[Image-text web data]

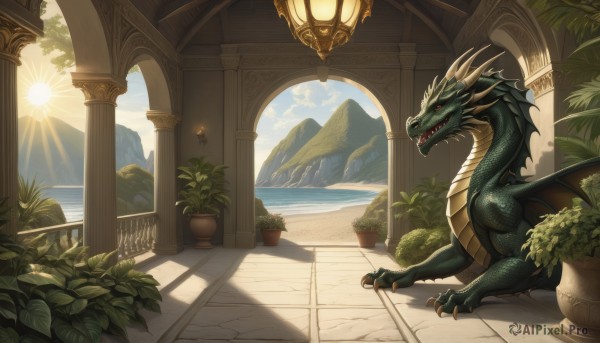 A majestic image of a monster in day
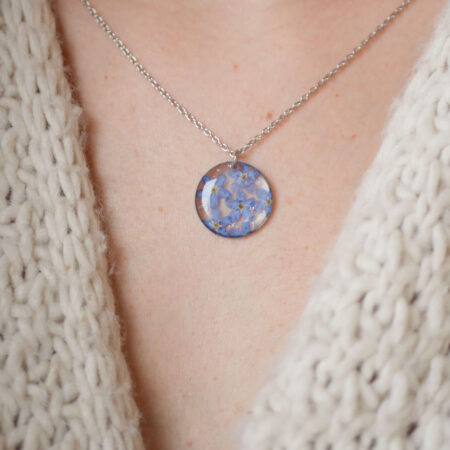 Kółeczko & niezapominajki srebro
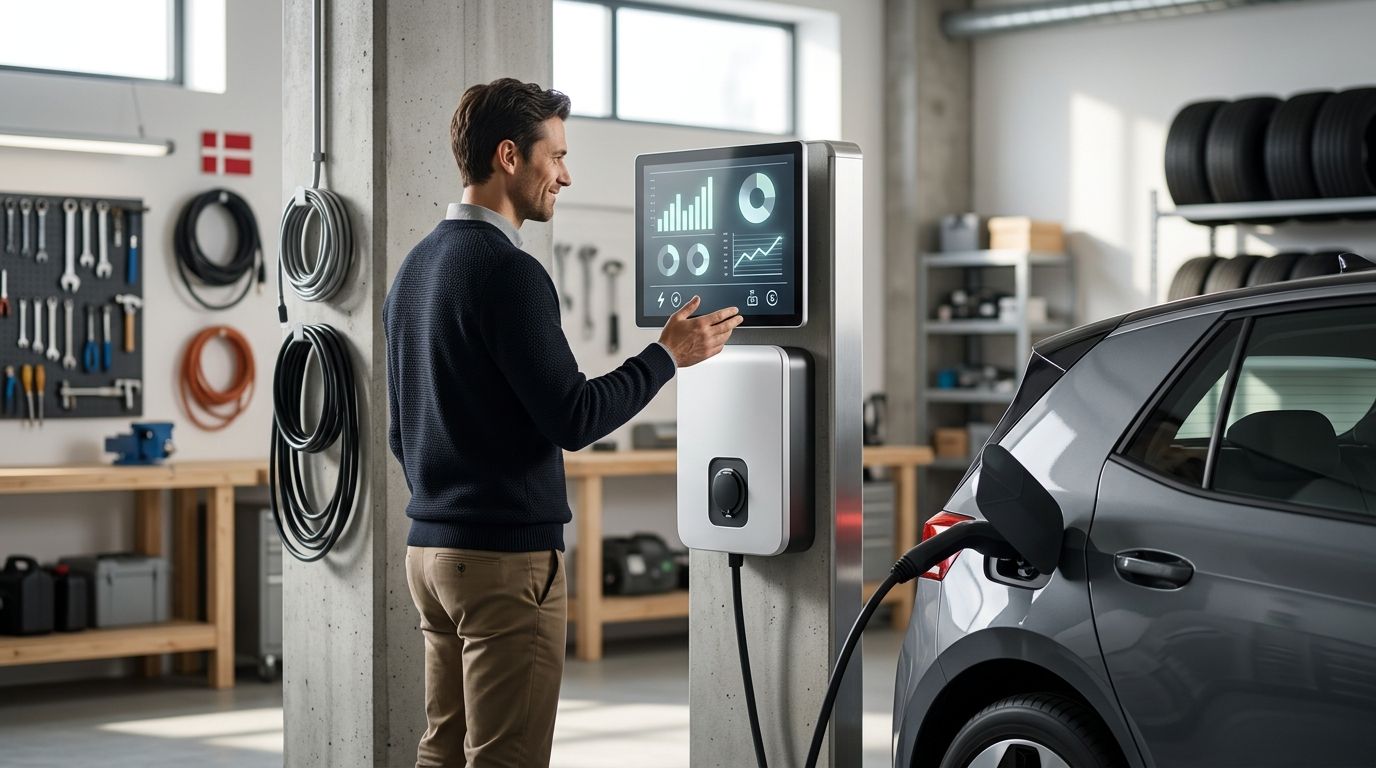Gennemsnitlig CPC efter kategori af EV-tilbehør i Danmark 2026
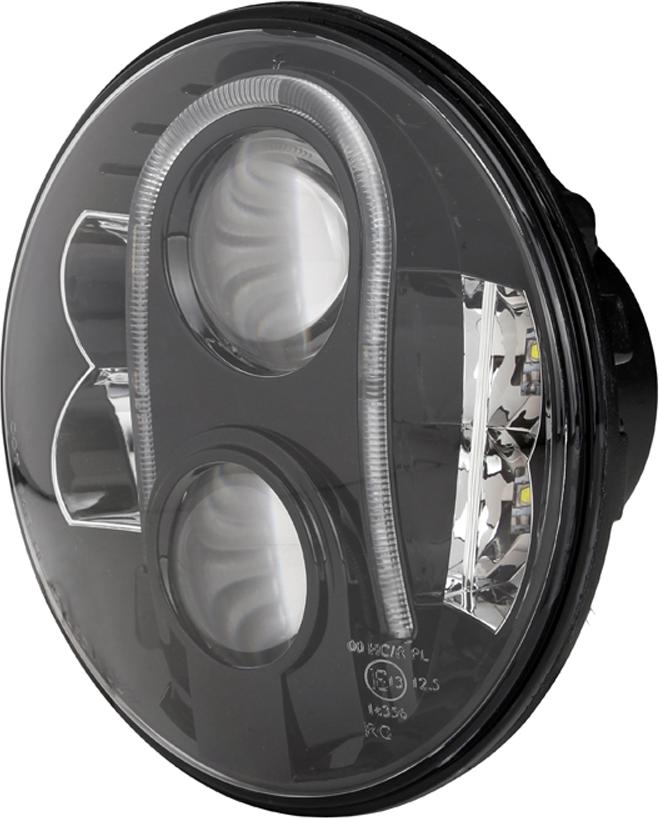 LED Scheinwerfer 7 Zoll E-Prüfzeichen schwarz Gerneration 2 Jeep JK 07-18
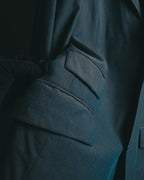 “Vintage” Textured blue tailored jacket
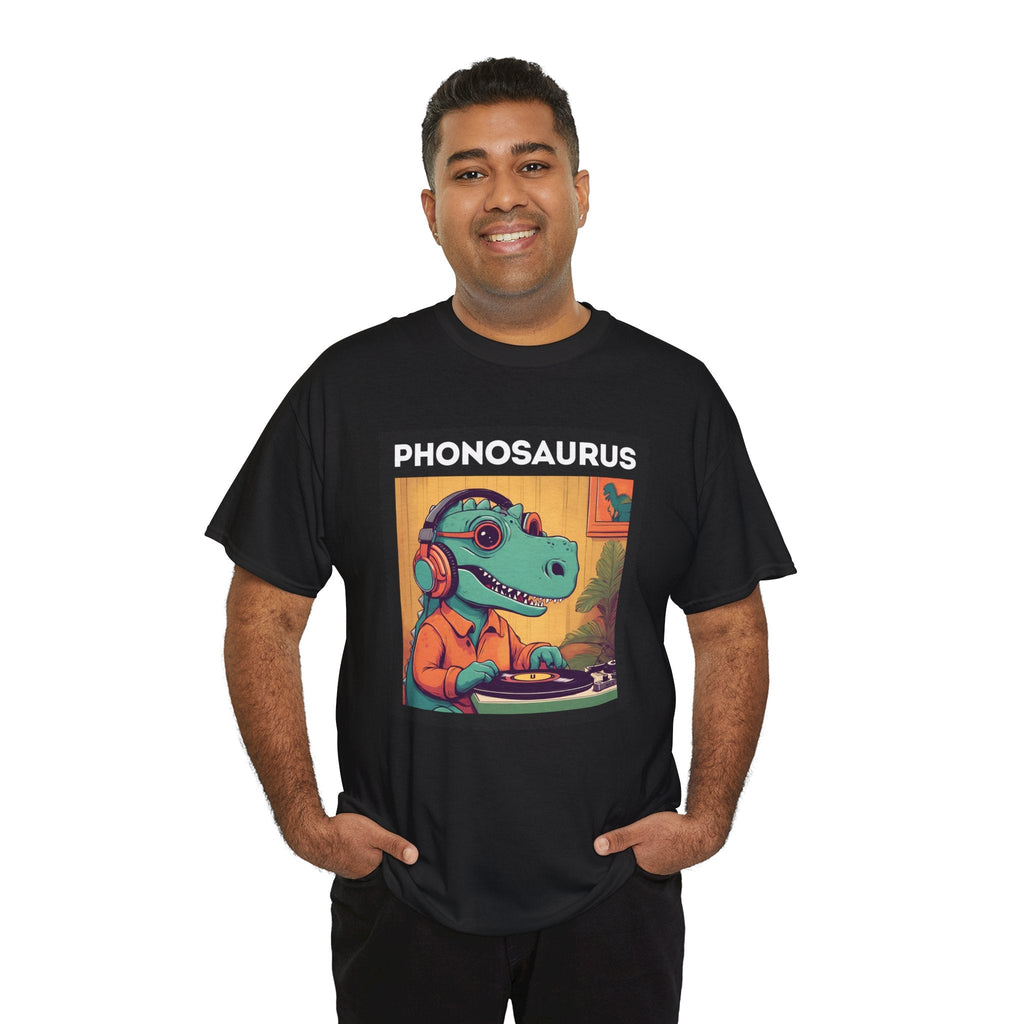 Phonosaurus Men's Vinyl T-Shirt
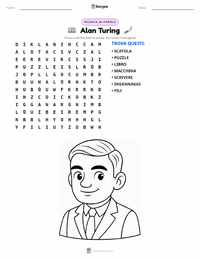 Anteprima della scheda stampabile di Alan Turing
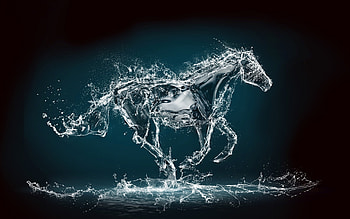 Ghost horse, horse, rendering, abstract, ghost HD wallpaper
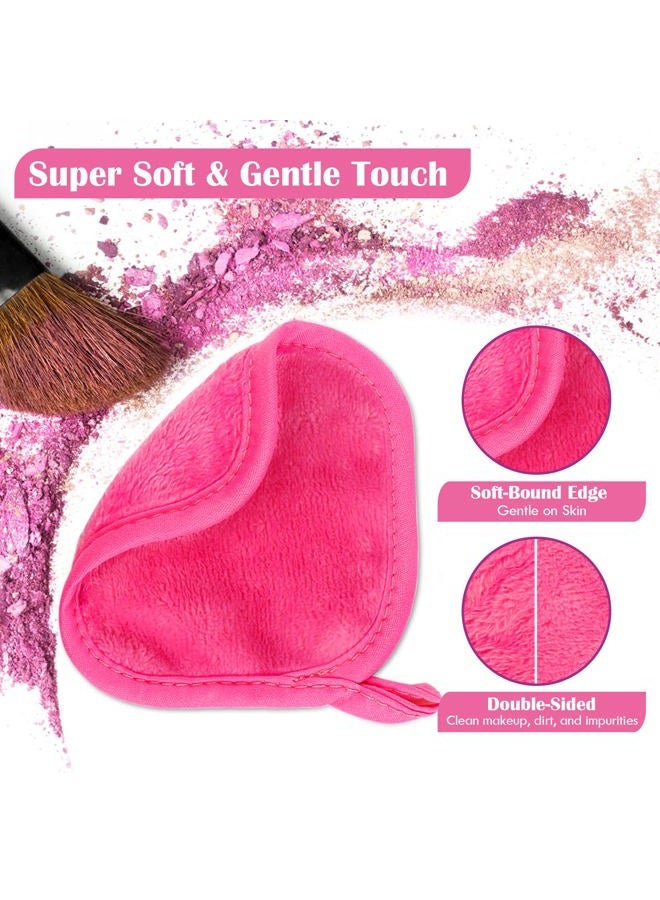 Orighty Makeup Remover Cloths 24 Pack, Makeup Removal Face Cleaning Cloth, Reusable Make Up Remover Pads Remove Instantly Dirt with Just Water, 5 x 5 in - Image 2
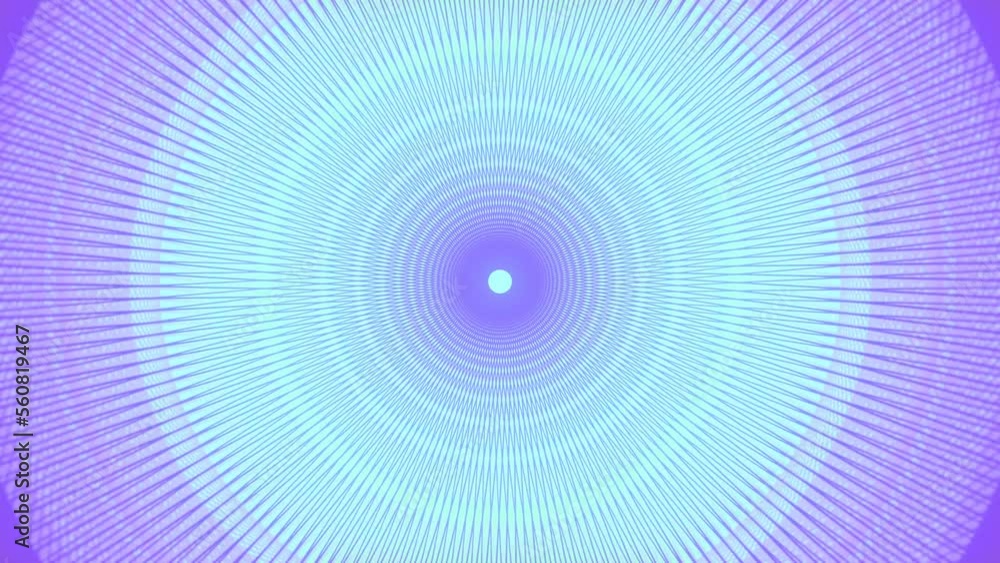 Poster Intricate seamless loop animation of elegant wire structure. 3d rendering 4K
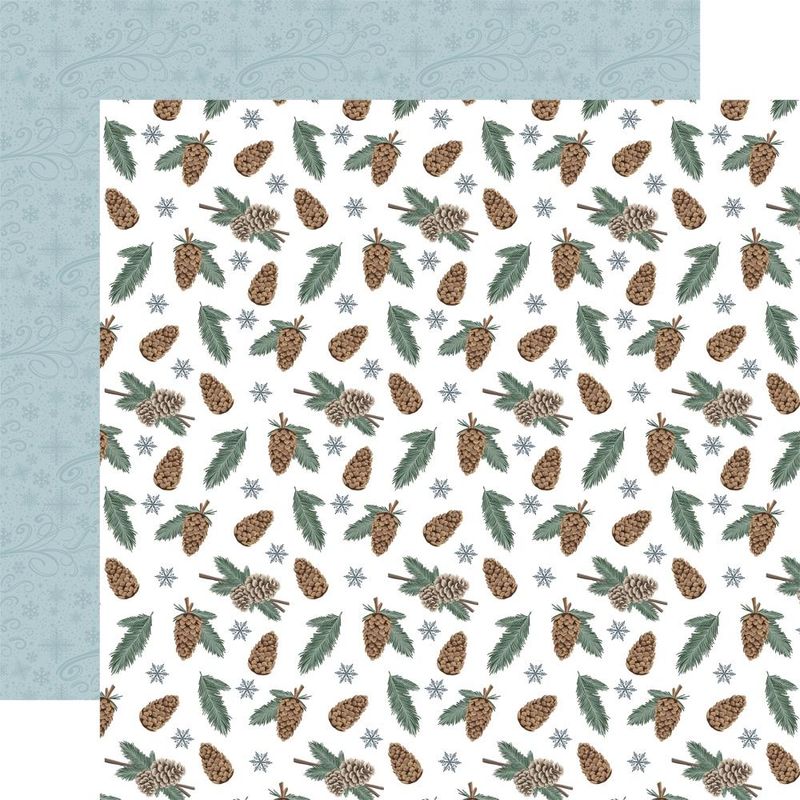 Carta Bella - Winter Wonderland - 12&quot;x12&quot; double-sided Paper - Pinecones and Pine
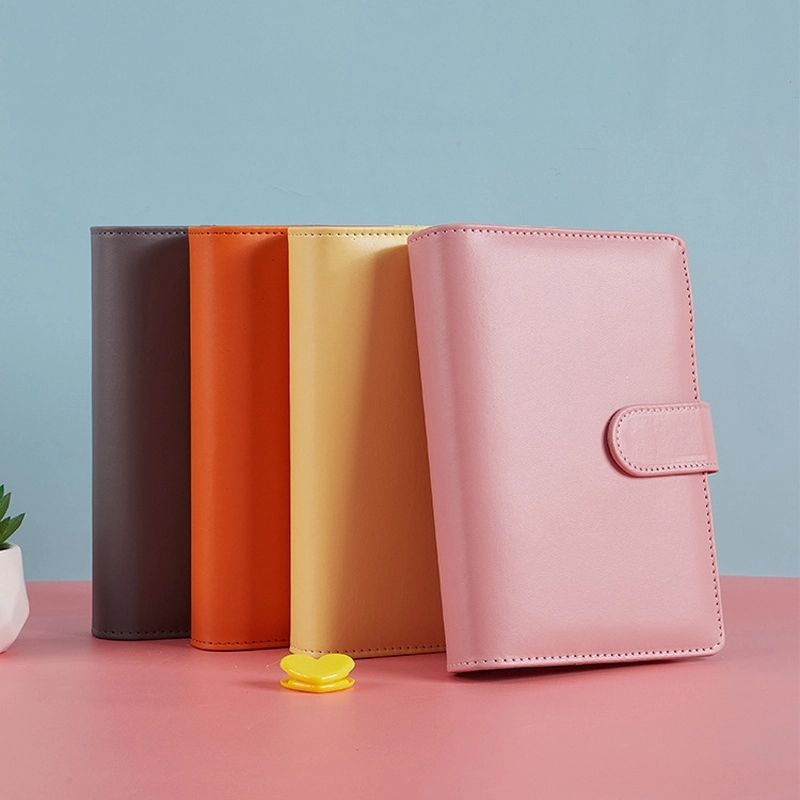 PU Leather A6 Business Travel Journal Diary Binder Notebook 18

## Exercise requirements
Lines starting at the one with "Ghost horse, horse, rendering, abstract, ghost" and ending at the last line of the entries above must be restated word for word, with pictures omitted.

## Exercise response
 Ghost horse, horse, rendering, abstract, ghost HD wallpaper
 Orighty Makeup Remover Cloths 24 Pack, Makeup Removal Face Cleaning Cloth, Reusable Make Up Remover Pads Remove Instantly Dirt with Just Water, 5 x 5 in - Image 2
 Poster Intricate seamless loop animation of elegant wire structure. 3d rendering 4K
 Carta Bella - Winter Wonderland - 12&quot;x12&quot; double-sided Paper - Pinecones and Pine
 PU Leather A6 Business Travel Journal Diary Binder Notebook 18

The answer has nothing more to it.